With the excitement of a new detached structure, any setbacks can be discouraging. There are a variety of reasons why construction can be delayed, such as permitting challenges, supply shortages, and unpredictable weather.

While your builder cannot predict the weather, they can take steps to avoid damaging the integrity of a freshly poured concrete slab.

With rain in the forecast, most builders will consider rescheduling the installation to a day without rain because it can affect the strength of the concrete as it cures. As the necessary water is already carefully measured and added, any more moisture can cause damage.

While a little rain on the slab is okay, in fact it can help by providing hydration for curing, a downpour can harm the surface of the slab or weaken it all together.

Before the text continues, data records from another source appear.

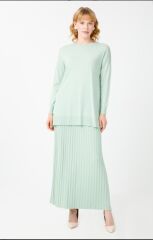 20557 PİLEİ ETEK BLUZ RAYON TAKIM QKS TAKIM 20757 #23-10#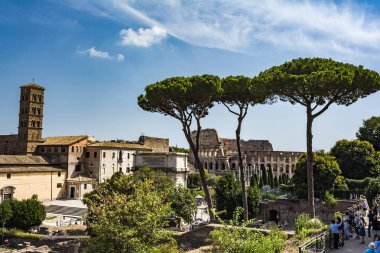 Panoramik Kolezyum ve Roman Forum Palantine Hill, Roma, İtalya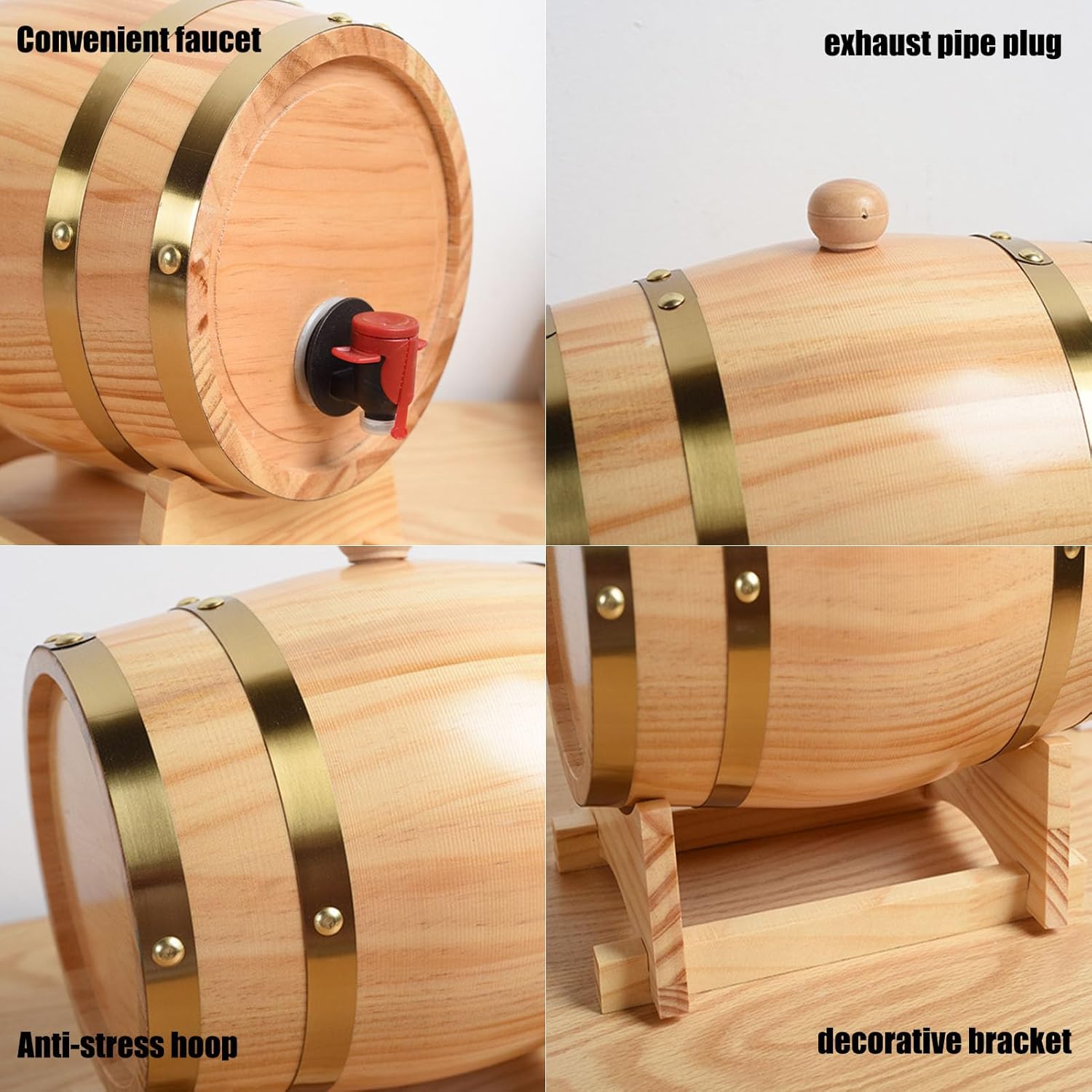 Generic Vintage Oak Red Wine Barrel,with Stand and Faucet Whiskey Barrel,Mini Wine Barrel Oak Aging Barrels,for Age Cocktails Bourbon Rum Tequila Beer Wine, 1.5l/52.8oz/0.39gal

Rain twelve hours after the pouring should not be cause for immediate concern, as the concrete has set, however it should still be inspected for potential issues.

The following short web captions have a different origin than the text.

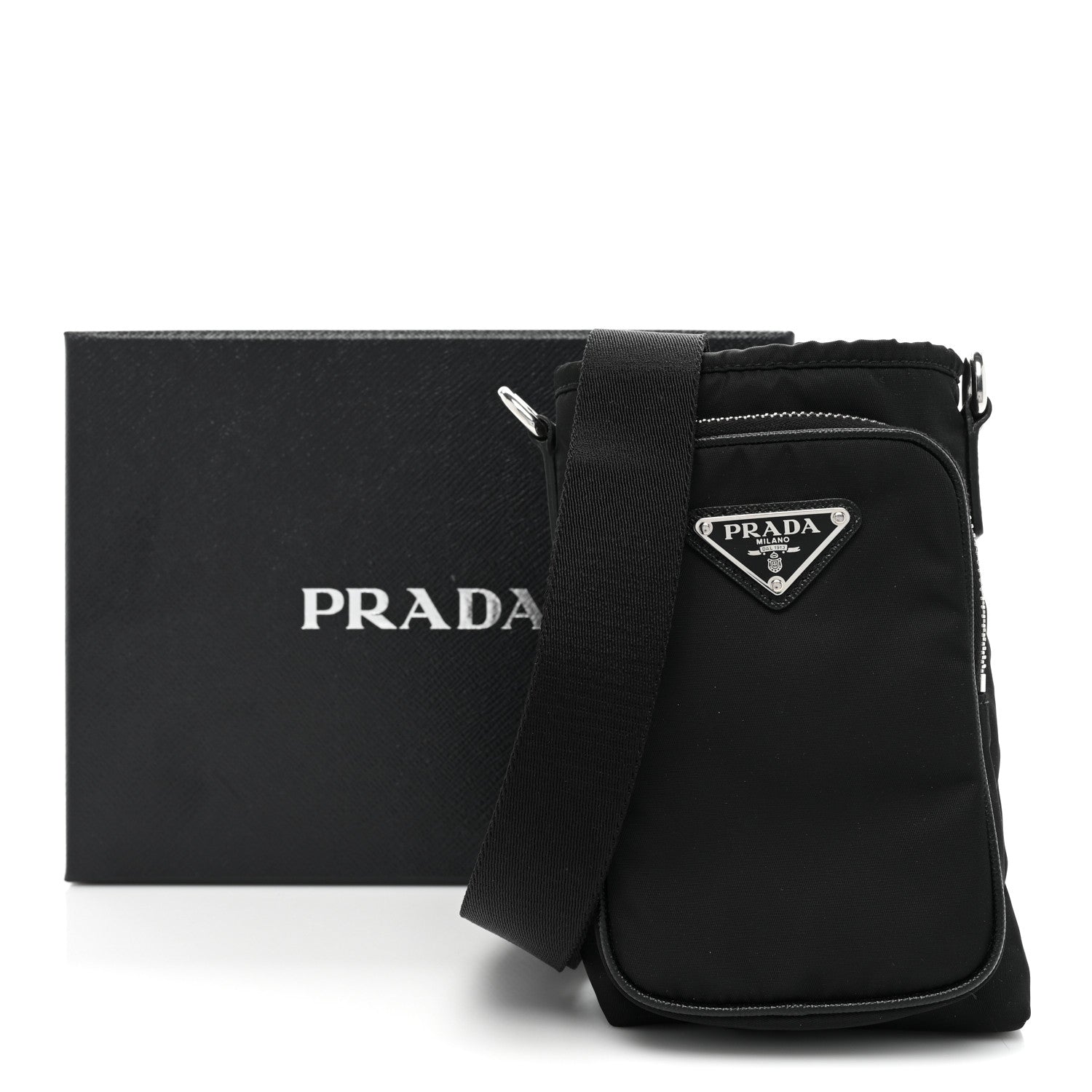 Prada Tessuto Nylon Saffiano Phone Case Crossbody Black 11 of 11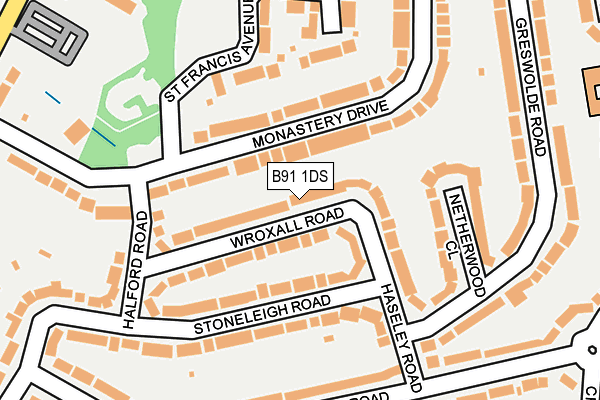 B91 1DS map - OS OpenMap – Local (Ordnance Survey)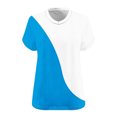 thumbnail image 5 of Fengqque Womens Plus Size Summer T Shirts Womens Oversized Tshirts V Neck Short Sleeve Color Blocking Tops Summer Casual Loose Fit Tunic Tee Shirt Women's Tops Blue XXXL(XXXL), 5 of 5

What Does It Mean To Cure?

Curing of concrete requires a specific amount of moisture, temperature, and time to ensure that the final product is safe and aesthetically pleasing. Curing increases the strength of the final product by helping to protect the slab from future cracks that can impact the integrity of the structure.

Before carpentry can begin, the concrete needs to cure for 2-3 weeks depending on the weather, temperature, and humidity.

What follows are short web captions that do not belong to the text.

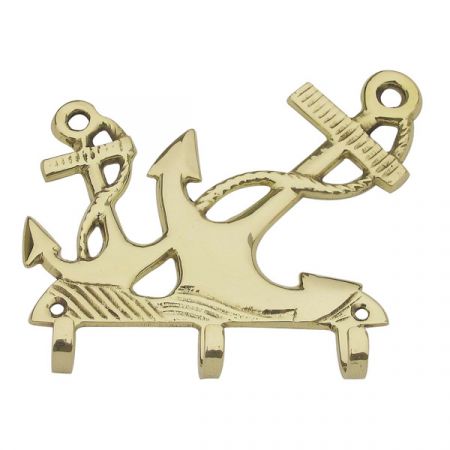 Schlüsselhaken - Anker, Messing, 13x11cm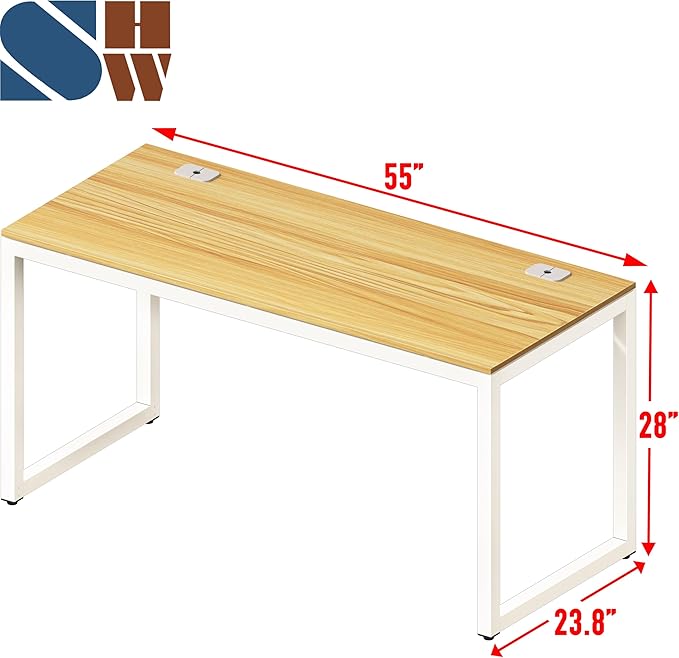 SHW 55-Inch Commercial-Grade Office Computer Desk, Oak | 10-Year Limited Warranty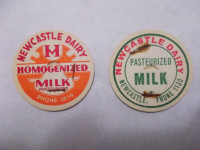 2 Antique Newcastle Dairy  Milk Bottle Caps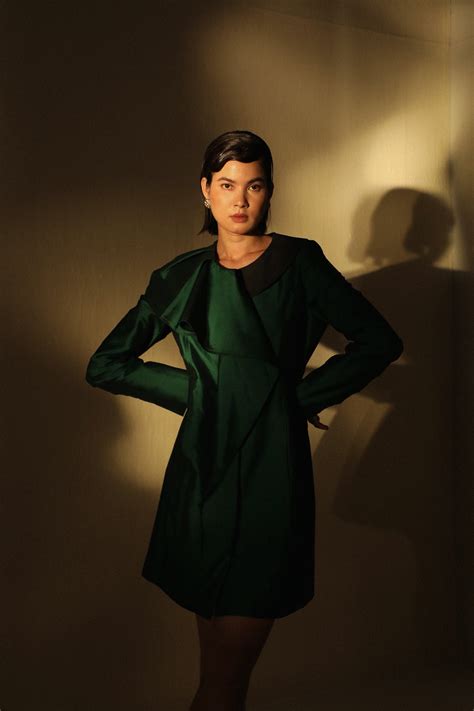 GREEN RUFFLE JACKET DRESS – Zaitra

While this may seem unnecessary, this timing is vital to having a garage that lasts decades to come. Most of the garages torn down are due to concrete issues including settling, severe cracking or scaling of the concrete.

Washed Out Concrete

When rain occurs, dependent on the amount, surface damage is most often the result. Streaking can occur if the concrete is colored.

Heavy rainfall, on the other hand, can wash out some of the concrete that has been accurately measured and mixed, creating a softer consistency, decreasing the integrity and strength of the final product as it exposes the aggregate.

Large amounts of rainwater also present the risk of contaminants entering the mix, also jeopardizing the cement.

Cracking Risk

Concrete exposed to an abundance of additional moisture is at a greater risk of cracking due to the uneven surface created.

As additional water enters the cracks, the foundation will weaken over time. The reality of cracking is quite common; however, it is important to monitor and correct if necessary. Your structure will experience a degree of settling; therefore, it is important for the concrete to be strong enough to weather that process.

If possible, push the excess rainwater off the edge of the slab, do not attempt to mix it into various areas of the concrete, in efforts to avoid potential problems.

Concrete Scaling

The peeling or flaking of thin layers on the surface of the concrete is known as scaling. This often occurs when it experiences a period of freezing and thawing before it has cured.

While the damage from scaling may not be evident at first, the more traffic and stress put on the slab, the more the concrete will flake.

If surface cracks/flaking are not addressed and corrected, this can lead to the spalling of the concrete, thus weakening the slab over time.

To ensure that your structure lasts for decades, it is important that your builder take the necessary precautions to protect the investment in your new structure.